Let me share a small experiment I did with myself in the past week. (Yes, the term experiment has only been thought of later.) I actually went through a couple of distinct phases unintentionally but now I prefer to tell myself I did it in full volition. The case of a small lie for the sake of greater good!
In the first half of the week, I focused on drinking-in intellectual substances only. By that, I mean profound books and videos on and offline. I stopped myself from consuming anything that didn’t have such substance. By that, I mean sports, pop music, entertainment movies, and so on — on and offline. And then in the latter half — ending yesterday — I blindly drank all superficial substances mentioned above and stopped myself from consuming anything of intellectual worth.
I felt completely different in both those phases. Completely opposite. I am going to discuss what I went through.
Phase 1: Intellectual Content
In this phase, I finished a couple of books, started a dozen, and read a hell of a lot of articles on Medium and across the Internet. I even watched videos that made me pause: to think! And then I thought, wrote.
As I mentioned earlier, I really did successfully suppress all the urge to lie down casually and go on a YouTube spree.
During all this, I felt complete, fulfilled, mature and responsible. If I am to describe the phase in one word, it would be:
Yes, there was a depth and width to me only comparable to that giant which occupies more than 70% of Earth’s space.
I was thinking about all the big questions of existence. From the threat of AI to Human Extinction. From the future of movies to house crows.
I looked at myself as a responsible individual of the world and even vowed to concern myself only with things that needed serious attention.
‘I know, things of intellectual worth do not have much of a market and craze but I should stand-by and persevere in things of real worth and not jump off random cliffs just because 90% of humanity is doing so,’ I said to myself.

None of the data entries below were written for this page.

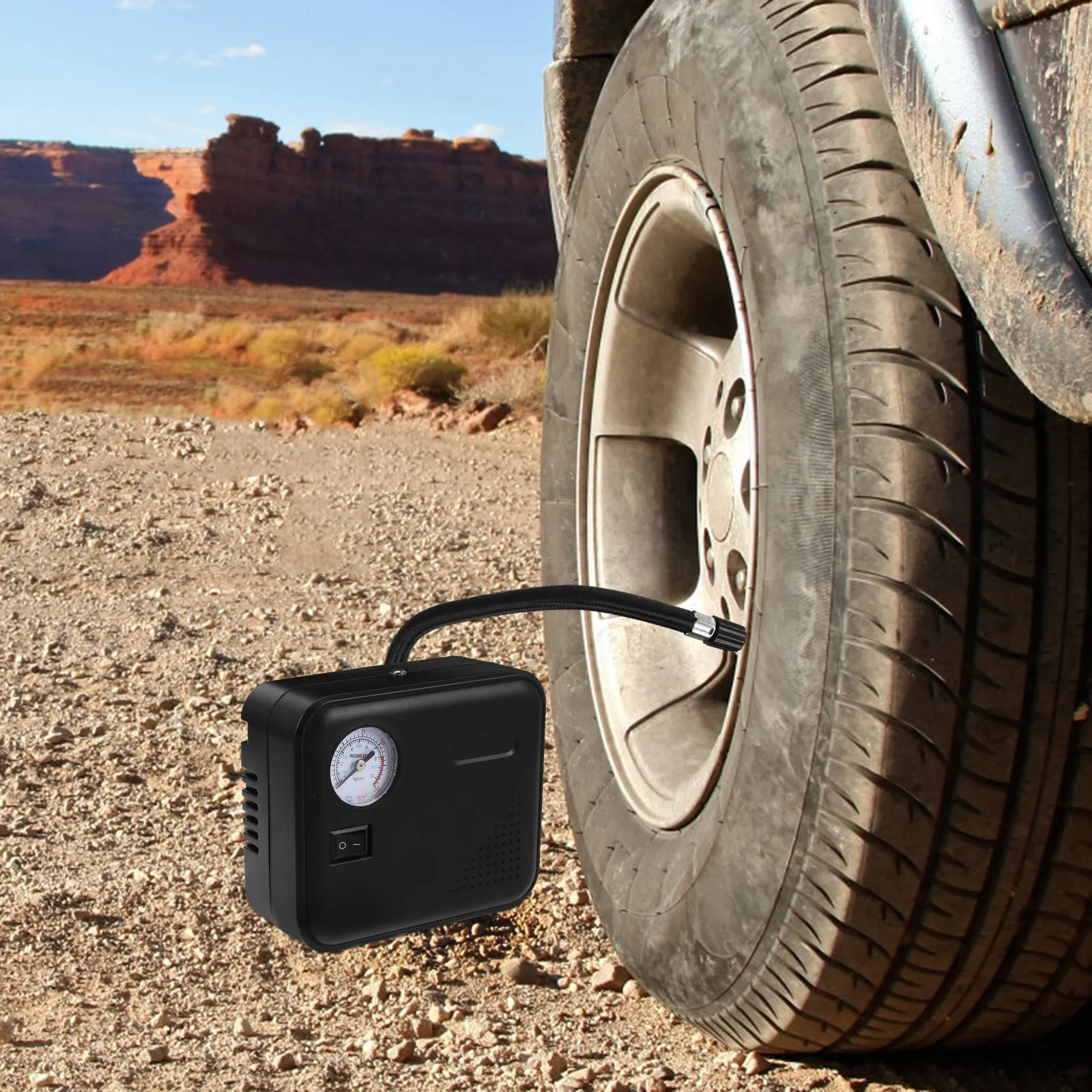 

Портативный электрический компрессор 12В для накачки шин автомобилей, быстрое накачивание, компактный дизайн, аварийный инструмент для автомобиля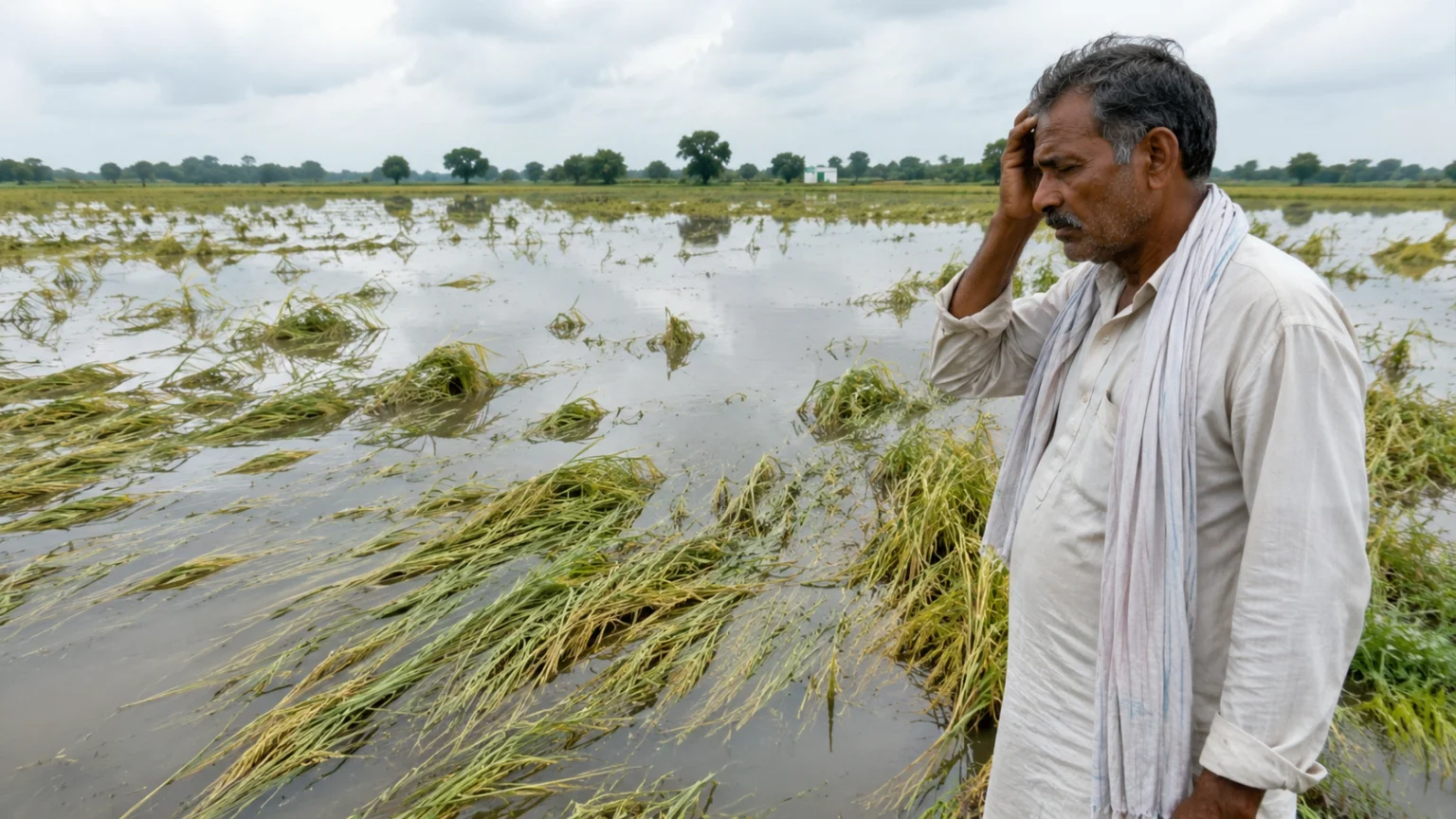 Crop Insurance covering flood damage to farmer's crops
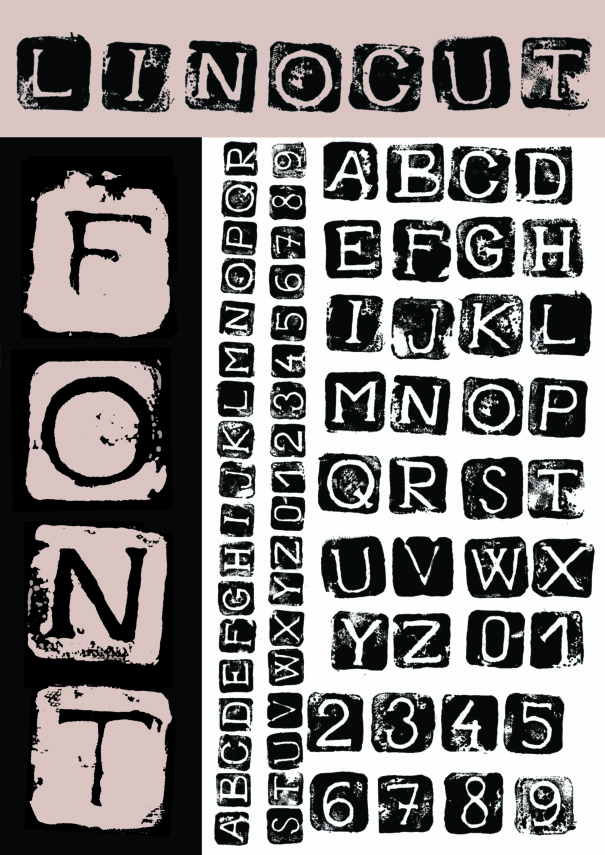 autorská abeceda Linocut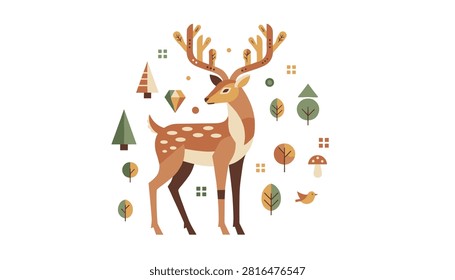 Stylized deer character with elegant antlers surrounded by small forest icons like trees, mushrooms, and leaves in a flat design style.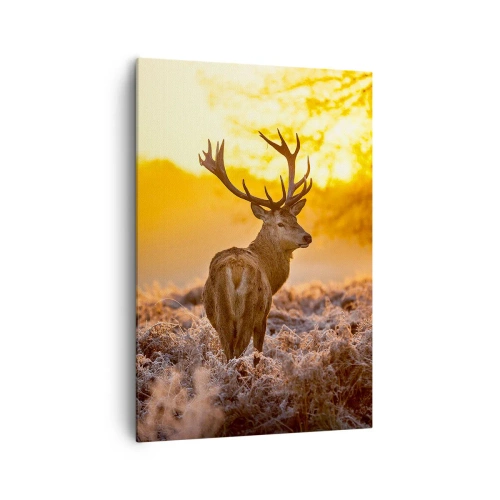 Impression sur toile - Image sur toile - Un cerf sur fond de forêt d'automne illuminée par le soleil doré - 70x100cm - Roi de la forêt automnal - Décoration murale moderne pour le salon et la chambre ARTTOR
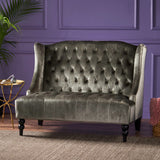 Christopher Knight Home® - Noble House - Leora Modern Glam Tufted Velvet Wingback Loveseat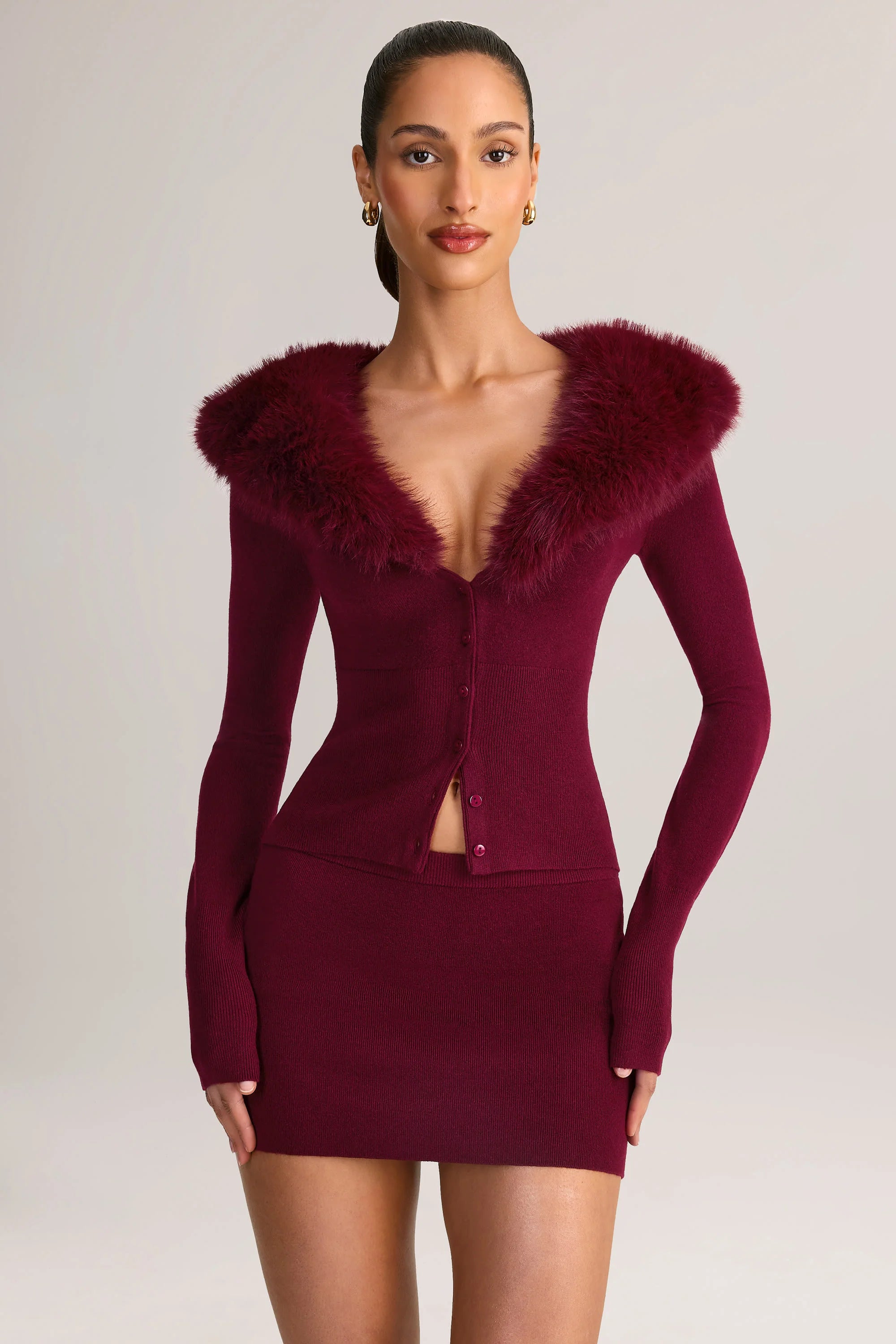 Knit Faux-Fur-Trim Cardigan in Wine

I asked myself questions such as: What are the things of real value? Where might humanity be headed? — — — and related to those I mentioned in the paragraph above the one above the one above.
I ridiculed myself for spending all the hours I have spent doing nothing: Gossiping things of insignificance, consuming content to distract, etc.
AND THEN SOMETHING OF PRACTICAL SIGNIFICANCE HAPPENED THAT WAS DISTRACTING ENOUGH TO TAKE ME TO A DIFFERENT LANE.
Phase 2: Casual Content
In this phase, I didn’t touch a book, didn’t even open Medium, and focused on my practical duties. The duties agitated, frustrated me to such an extent that all I wanted to do was lay down whenever I was free enough. And so I just watched videos that lulled me: to watch more! And then I watched, and watched some more. I even read user comments!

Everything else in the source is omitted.